Use of artificial intelligence for liver diseases: A survey from the EASL congress 2024Keypoints
Laura Žigutytė,
Thomas Sorz-Nechay,
Jan Clusmann,
Jakob Nikolas Kather
Affiliations
Laura Žigutytė
Else Kroener Fresenius Center for Digital Health, Faculty of Medicine and University Hospital Carl Gustav Carus, TUD Dresden University of Technology, Dresden, Germany
Thomas Sorz-Nechay
Division of Gastroenterology and Hepatology, Department of Internal Medicine III, Medical University of Vienna, Vienna, Austria; Center for Molecular Medicine (CeMM) of the Austrian Academy of Sciences, Vienna, Austria; Christian Doppler Lab for Portal Hypertension and Liver Fibrosis, Medical University of Vienna, Vienna, Austria
Jan Clusmann
Else Kroener Fresenius Center for Digital Health, Faculty of Medicine and University Hospital Carl Gustav Carus, TUD Dresden University of Technology, Dresden, Germany; Department of Gastroenterology, University Hospital RWTH Aachen, Aachen, Germany
Jakob Nikolas Kather
Else Kroener Fresenius Center for Digital Health, Faculty of Medicine and University Hospital Carl Gustav Carus, TUD Dresden University of Technology, Dresden, Germany; Department of Medicine I, Faculty of Medicine and University Hospital Carl Gustav Carus, TUD Dresden University of Technology, Dresden, Germany; Medical Oncology, National Center for Tumor Diseases (NCT), University Hospital Heidelberg, Heidelberg, Germany; Corresponding author. Address: Jakob Nikolas Kather, Medical Faculty of Technical University Dresden, EKFZ for Digital Health, Postfach 151, Fetscherstrasse 74, 01307 Dresden, Germany.
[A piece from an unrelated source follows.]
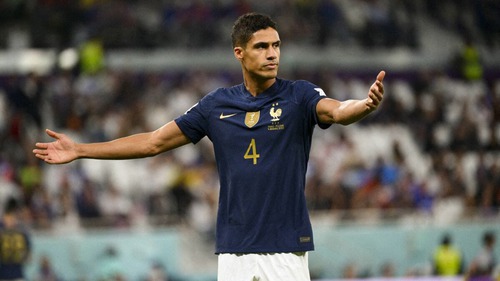 Varane đang 'dìu dắt' hàng thủ đội tuyển Pháp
Summary: Artificial intelligence (AI) methods enable humans to analyse large amounts of data, which would otherwise not be feasibly quantifiable. This is especially true for unstructured visual and textual data, which can contain invaluable insights into disease. The hepatology research landscape is complex and has generated large amounts of data to be mined. Many open questions can potentially be addressed with existing data through AI methods. However, the field of AI is sometimes obscured by hype cycles and imprecise terminologies. This can conceal the fact that numerous hepatology research groups already use AI methods in their scientific studies. In this review article, we aim to assess the contemporaneous use of AI methods in hepatology in Europe. To achieve this, we systematically surveyed all scientific contributions presented at the EASL Congress 2024. Out of 1,857 accepted abstracts (1,712 posters and 145 oral presentations), 6 presentations (∼4%) and 69 posters (∼4%) utilised AI methods. Of these, 55 posters were included in this review, while the others were excluded due to missing posters or incomplete methodologies. Finally, we summarise current academic trends in the use of AI methods and outline future directions, providing guidance for scientific stakeholders in the field of hepatology.